Bribery, an olympic sport

January 28, 1999

Let's see, $2 billion prize passed out by people from Ecuador, the Congo, Sudan, Mali, Kenya and Chile, and we're shocked - shocked I tells ya - that they're accepting bribes?

This would be like a ballpark vendor passing a hot dog down a row that included Rosie O'Donnell and expecting her not to take a bite.

Face it, the Olympics stopped being about athletics somewhere around the time of Jesse Owens. Now the Olympics are about money, marketing, sales, money, television, product endorsements, money, politics, advertising, money, money and money. And oh yes, money.

Every so often somebody runs a race, but the Olympic world is less concerned with the time he records than the brand of shoes he wears.

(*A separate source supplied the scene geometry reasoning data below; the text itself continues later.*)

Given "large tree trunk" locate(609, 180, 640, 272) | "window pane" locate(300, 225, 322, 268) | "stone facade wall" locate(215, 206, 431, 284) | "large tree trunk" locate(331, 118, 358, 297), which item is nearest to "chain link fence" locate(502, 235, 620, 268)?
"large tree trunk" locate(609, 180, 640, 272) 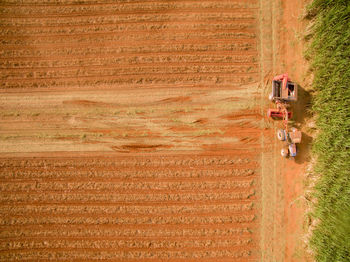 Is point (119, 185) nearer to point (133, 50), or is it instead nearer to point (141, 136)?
point (141, 136)

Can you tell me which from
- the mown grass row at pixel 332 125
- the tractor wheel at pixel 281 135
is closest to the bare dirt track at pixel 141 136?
the tractor wheel at pixel 281 135

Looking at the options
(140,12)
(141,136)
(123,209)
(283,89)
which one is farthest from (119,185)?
(283,89)

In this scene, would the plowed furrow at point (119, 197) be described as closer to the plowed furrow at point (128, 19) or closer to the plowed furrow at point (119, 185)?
the plowed furrow at point (119, 185)

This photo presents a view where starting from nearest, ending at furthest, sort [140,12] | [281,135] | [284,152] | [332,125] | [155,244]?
[332,125], [281,135], [284,152], [155,244], [140,12]

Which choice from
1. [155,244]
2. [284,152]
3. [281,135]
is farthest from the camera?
[155,244]

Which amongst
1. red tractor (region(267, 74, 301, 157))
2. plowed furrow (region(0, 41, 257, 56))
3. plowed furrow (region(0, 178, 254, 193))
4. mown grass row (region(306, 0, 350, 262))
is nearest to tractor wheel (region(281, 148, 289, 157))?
red tractor (region(267, 74, 301, 157))

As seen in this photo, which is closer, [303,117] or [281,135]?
[281,135] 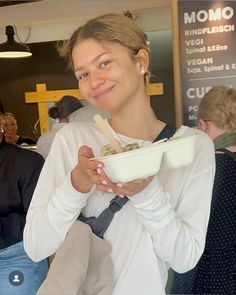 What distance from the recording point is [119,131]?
1.04 m

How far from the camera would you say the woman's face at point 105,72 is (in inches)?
36.7

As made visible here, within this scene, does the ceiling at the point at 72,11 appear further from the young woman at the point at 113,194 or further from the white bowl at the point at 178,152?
the white bowl at the point at 178,152

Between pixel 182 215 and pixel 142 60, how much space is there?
0.34 meters

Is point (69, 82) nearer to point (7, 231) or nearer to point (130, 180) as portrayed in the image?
point (7, 231)

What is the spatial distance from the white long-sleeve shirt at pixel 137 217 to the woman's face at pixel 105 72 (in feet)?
0.34

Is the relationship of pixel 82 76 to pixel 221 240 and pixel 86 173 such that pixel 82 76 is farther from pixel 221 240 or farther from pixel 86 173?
pixel 221 240

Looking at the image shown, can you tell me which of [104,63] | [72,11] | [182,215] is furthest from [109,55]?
[72,11]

Any more the Olympics are more painful to watch than any of those ridiculously inbred, self-congratulating musical awards shows. True, every so often a sporting event does interrupt the cavalcade of commercials and goopy feature stories that try to make spoiled, distasteful athletic droids seem marginally human, but it is the exception.

So why buck the tide? Why pretend the Olympics are something they're not? Rather than castigate and dismiss these disgraced members of the IOC for extracting bribes from host cities, I say they should be encouraged.

Make bribing an Olympic sport.

Why not, everything else is. We could have synchronized bribing, four-in-line bribing, rhythmic bribing, ice bribing, bribe dancing, the combined bribe/kickback/blackmail cheatathlon, uneven parallel bribing and the ever-popular 400-meter relay bribe.

The equestrian bribing might be a little difficult, or at least call for a surplus of carrots.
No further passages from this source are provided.